# cold air intake problem



## se99 (Jul 15, 2005)

i want to put a cold air intake in my 99 sentra se but the problem is there is no hole for the pipe to go down? do i have to cut one or is there a way to get it to go down? also what header are best for this car?


----------



## dmp316 (Aug 5, 2004)

se99 said:


> i want to put a cold air intake in my 99 sentra se but the problem is there is no hole for the pipe to go down? do i have to cut one or is there a way to get it to go down? also what header are best for this car?
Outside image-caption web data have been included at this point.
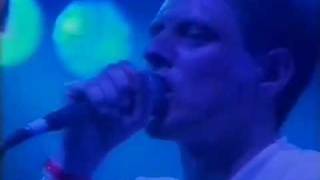 Happy Mondays - Gods Cop (Live Manchester Music Festival 1991)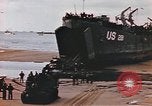 Image des péniches de débarquement de l'infanterie Normandie France, 1944, de la seconde 54 séquences d'archives historiques vidéo 65675058882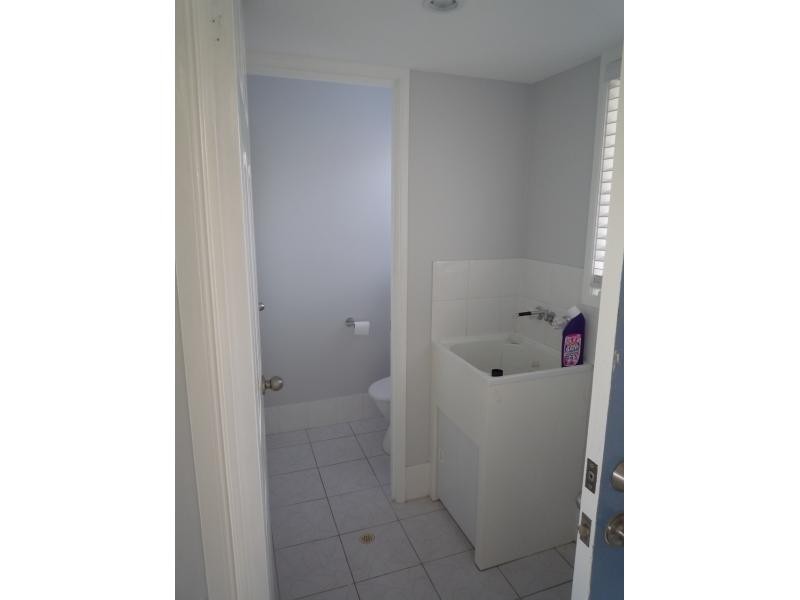 8 Peninsula Ave, Cornubia QLD 4130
u posted in the wrong part, but i will help u. Get a Injen, Place Racing, Hotshot, or Aem intake for your car. Headers got with Hotshot or Stillen

ps u do not have to cut anything do not worry :thumbup:


----------



## myoung (Apr 15, 2002)

dmp316 said:


> ps u do not have to cut anything do not worry :thumbup:


Yes you do in both B14s.and B13's..

here's an example

http://www.nissanperformancemag.com/february03/beater/

It can easily be done with a dremel...a drill will help as it shows in the article

or http://www.nissanperformancemag.com/january01/

many other installs if you look through the back issues of NPM


----------



## NotAnotherHonda (Aug 7, 2003)

that metal is so thin that i cut my hole with a pair of sheet metal scissors


----------



## se99 (Jul 15, 2005)

*whic headers and exhaust should i go with?*

should i go with the hotshot header and magnaflow exhaust or should i go with the nismo header and exhaust? thanks for your time 

phil


----------



## psuLemon (Apr 23, 2003)

hotshot header and stromung exhaust


----------



## pete? (Jul 6, 2004)

nismo does not make a header for the ga.


----------



## scrappy (Jun 30, 2002)

pete? said:


> nismo does not make a header for the ga.
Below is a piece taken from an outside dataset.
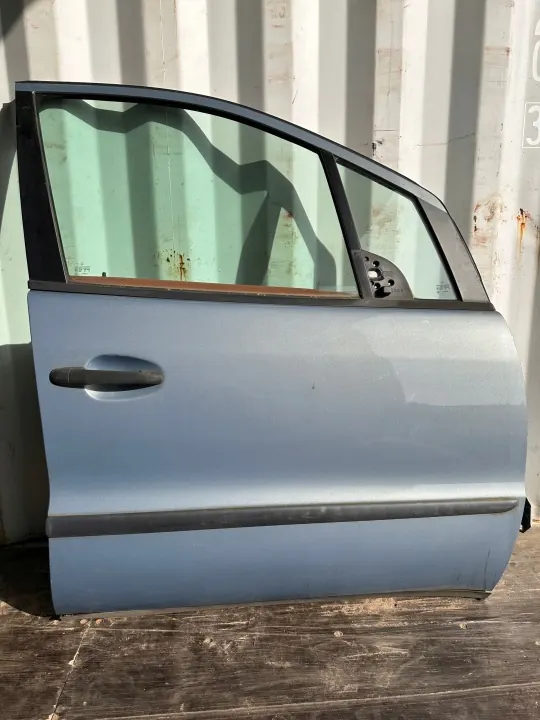 Puerta delantera derecha Mercedes Clase A W168 OEM A1687201405 image 2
 He has the sr20 I beleive. The 99 se is a sentra with the sr20. 200sx last year was 98


----------



## psuLemon (Apr 23, 2003)

the 99 se is an sr20, and yes the 200sx's was the 98


----------



## se99 (Jul 15, 2005)

which header and exhaust should i get? i'm thinkin hotshot and magnaflow exhaust. i don't want it to be loud but i want it to sound nice and get performance. 3" outlet


----------



## psuLemon (Apr 23, 2003)

read post 6.. i answered


----------



## pete? (Jul 6, 2004)

scrappy said:


> He has the sr20 I beleive. The 99 se is a sentra with the sr20. 200sx last year was 98


i didnt even notice the SE in his post. but none the less the nismo header for the 2.0 ISSSSSSSSSS hot shot.


----------



## DraftEm98 (Jun 29, 2004)

http://mossyperformance.com/product/?id=3616 ($518 w/o resonator) & http://liuspeedtuning.com/products/b14_header.html should be all that is needed. Liu's prices are shipped. Mossy's, however, are not.


----------



## scrappy (Jun 30, 2002)

pete? said:


> i didnt even notice the SE in his post. but none the less the nismo header for the 2.0 ISSSSSSSSSS hot shot.


I only noticed because I despise people with that car. :thumbup: I was a second away from getting that car wish I had the internet at the time. I didnt know any better


----------



## thestunts200sx (Jul 11, 2005)

myoung said:


> Yes you do in both B14s.and B13's..
> 
> here's an example
> 
> ...


on the second link...when you click links on it, it just loads the coding....


----------



## se99 (Jul 15, 2005)

scrappy said:


> I only noticed because I despise people with that car. :thumbup: I was a second away from getting that car wish I had the internet at the time. I didnt know any better


 thanks it's a great car. i'm happy i bought it. i was my dream car for awhile and i was happy when i bought.


----------



## scrappy (Jun 30, 2002)

se99 said:


> thanks it's a great car. i'm happy i bought it. i was my dream car for awhile and i was happy when i bought.


The salesman told me do youwant the higher model? I was like whats the difference 25hp and 15 in wheels. My car was coming from another city just ordered it at that dealer. I was like Im going to get new wheels anyways and 25 isnt much of a difference. Little did I know that car had rear disc brakes, sunroof and all the aftermarket support for a long time. Now my car is finally getting some


----------



## se99 (Jul 15, 2005)

*cat-back exhaust*

would a cat-back exhaust for an older sentra (91-94) fit my 99 2.0L ? or a newer sentra (2000-+)fit for my car? the cat-back exhaust i keep finding is with a 2.5" inlet with a 4.5" outlet. i want one with a 2.5" inlet and a 3" outlet.


----------